Robe River is one of the scenic wonder-spots of the area it seems, at least to judge by its popularity as a camping spot. There were still five or six campers and caravans there when I wandered past about 10am. Nice to look down and see fish in the river. The group plan to have lunch here even though it's only 40km from the last camp, so the afternoon could be a hard one. As I wrote my diary at the 80km mark I suspected they were still at lunch.
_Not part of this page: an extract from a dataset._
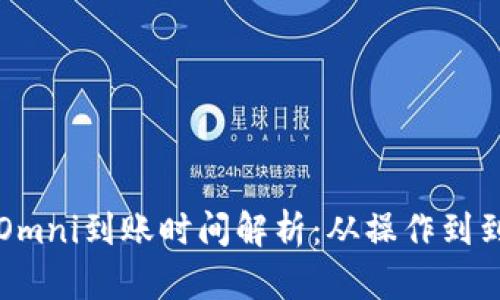 区块链提币Omni到账时间解析：从操作到到账的全流程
Today was photographing eagles day too. There are a lot of wedge- tailed eagles around, they live off road kill I guess. And contribute to it at times. They're quite fond of soaring above the trike, sitting about 10m up just in front of me for a couple of hundred metres at a time. The annoying thing is that stopping and getting the camera out makes me boring, so they always disappear and sit in a tree if I stop. Hence the blurry shots taken while riding, and the long-range shots while stopped. I did pause at one stage when there was a group of about seven of them in one place, with the idea that maybe at least one of them would be curious about the stationary trike. Ha.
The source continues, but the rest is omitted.